On comparing MetS and type 2 DM with or without MetS, the improved (higher) levels of testosterone and SHBG observed in type 2 DM with and without MetS may be the consequence of the diabetic treatment that improves the insulin sensitivity and insulin concentration and subsequently improves testosterone and SHBG levels. An earlier study in nondiabetic men has shown that SHBG is negatively correlated to insulin secretory pulse frequency [56], thus further emphasizing the relationship between insulin sensitivity and circulating SHBG. This hypothesis is consistent with the increase in serum testosterone and SHBG concentrations observed with maneuvers such as weight loss through calorie restriction which enhance insulin sensitivity [11, 57, 58]. Losing 10% of the starting body weight leads to a rise in total testosterone of approximately 2–4 nmol/l, whereas bariatric surgery may even increase levels of total testosterone by up to 10 nmol/l [59]. Bariatric surgery was also reported to normalize testosterone, SHBG, BMI, TG, and HOMAIR as well as restore sexual function and fertility [26]. Androgen deprivation therapy for prostate cancer increases obesity, decreases insulin sensitivity, and may be associated with a greater incidence of diabetes [60]. Rapid lowering of circulating testosterone, either by ending testosterone replacement therapy in hypogonadal men or by experimentally blocking the action of endogenous testosterone in normal men, is quickly followed by elevations in fasting glucose [61].

4.1. Limitations

Our study is based on a single measurement of hormones and SHBG and lack information on symptoms of hypogonadism and/or gonadotropin levels.
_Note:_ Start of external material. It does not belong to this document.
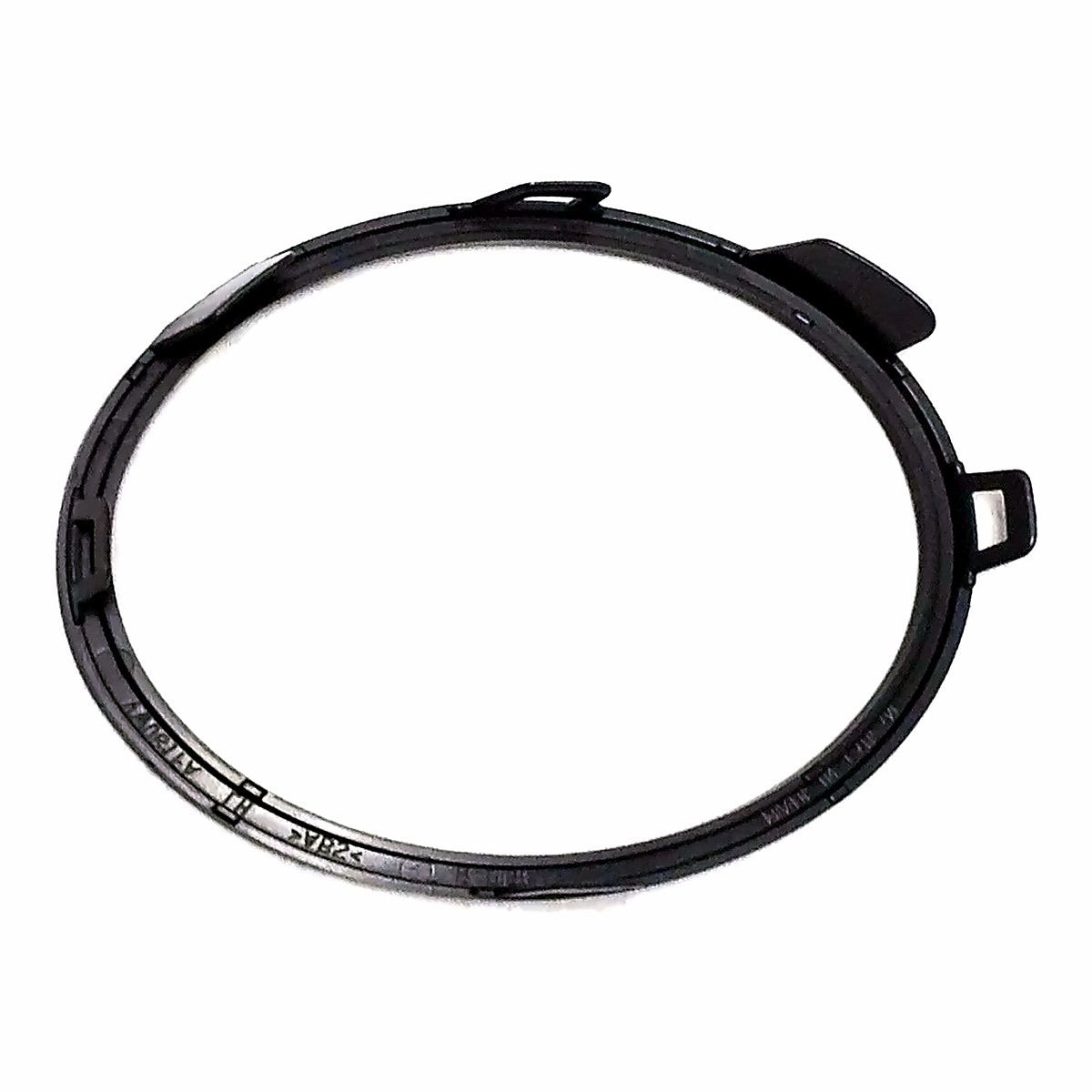 2010-2014 Volkswagen Golf Fog Light Trim Ring Front Passenger Side (Black) Without R Model – Back View (VW1039127)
Hormonal and SHBG measurements were also conducted using immunoassay, which is less reliable and less specific than more recent methods such as the liquid chromatography tandem mass spectrometry that is used to determine steroidal hormone levels.

4.2. Conclusion

In conclusion, this case-control study demonstrates that abdominal adiposity is a major determinant of low testosterone, irrespective of diabetes, by examining the impact of metabolic syndrome factors and diabetic parameters on testosterone and SHBG using stepwise linear regression and confirmed by ANCOVA. Our study, unlike many previous studies, examined the testosterone and SHBG levels in both nonobese and obese type 2 DM patients and showed type 2 DM patients to be associated with a modest but not significant decrease in testosterone with respect to healthy normal subjects. This raises the question whether testosterone therapy decreases insulin resistance independent of visceral fat reduction.

Acknowledgments

The authors thank the study participants.

Conflicts of Interest

The authors declare no conflict of interest.

Authors' Contributions

Molham AL-Habori designed the study, participated in the interpretation of data, wrote the manuscript, and gave the final approval of the version to be published. Mukhtar Mohammed collected the samples and carried out the biochemical analysis. Riyadh Saif-Ali participated in the analysis and interpretation of data. Ahmed Abdullateef assisted in the biochemical analysis. All authors read and approved the final manuscript.